Résumé de la décision
Le Tribunal Judiciaire de Marseille a rendu un jugement le 26 juin 2024 concernant une opposition à une contrainte émise par l'URSSAF PACA à l'encontre de la S.A.R.L. [6]. La contrainte, d'un montant de 678 euros, concernait des cotisations et majorations de retard pour les années 2020, 2021 et 2022. Lors de l'audience, l'URSSAF a déclaré se désister de sa demande, affirmant que la somme avait été réglée. Le tribunal a donc constaté que le litige était devenu sans objet, a donné acte du désistement et a prononcé l'extinction de l'instance.
Arguments pertinents
1. Désistement de l'URSSAF : L'URSSAF PACA, en tant que créancier, a renoncé à sa contrainte, ce qui a conduit à l'extinction du litige. Le tribunal a souligné que le désistement de l'URSSAF était un acte procédural qui met fin à l'instance, conformément aux dispositions du Code de procédure civile.

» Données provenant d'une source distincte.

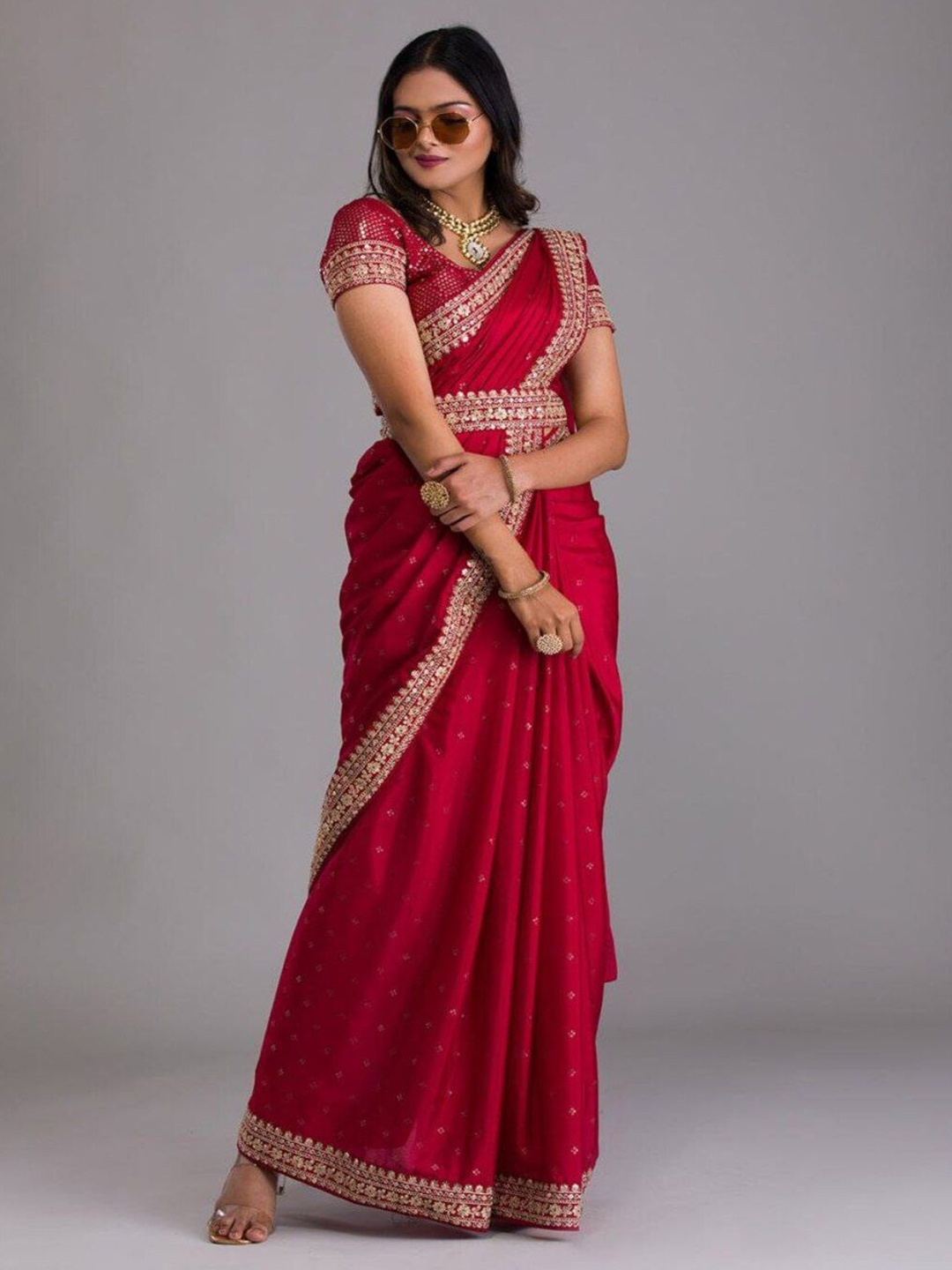 

Sanwariya Silk Embellished Sequinned Pure Georgette Saree, Red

2. Absence de litige : Le tribunal a constaté que l'opposition à la contrainte était devenue sans objet, ce qui signifie qu'il n'y avait plus de contestation sur le montant réclamé par l'URSSAF. Cela a été déterminé par la reconnaissance du paiement par l'URSSAF.
3. Dépens : Le tribunal a décidé de laisser les dépens à la charge de l'URSSAF, ce qui est une pratique courante lorsque le créancier se désiste.
Interprétations et citations légales
Le tribunal a appliqué les articles du Code de procédure civile relatifs au désistement et à l'extinction de l'instance :
- Code de procédure civile - Article 394 : Cet article stipule que "le désistement d'instance est un acte par lequel une partie renonce à poursuivre une action en justice". Dans ce cas, l'URSSAF a clairement exprimé sa volonté de ne plus poursuivre la contrainte, ce qui a conduit à l'extinction de l'instance.
- Code de procédure civile - Article 395 alinéa 2 : Cet article précise que "lorsque l'instance est éteinte, le tribunal se dessaisit". Le tribunal a donc constaté que, suite au désistement de l'URSSAF, il n'avait plus compétence pour statuer sur l'affaire.
En conclusion, le jugement a été rendu en conformité avec les dispositions légales, et le tribunal a agi en respectant les principes de droit procédural, en constatant l'absence de litige et en prononçant l'extinction de l'instance.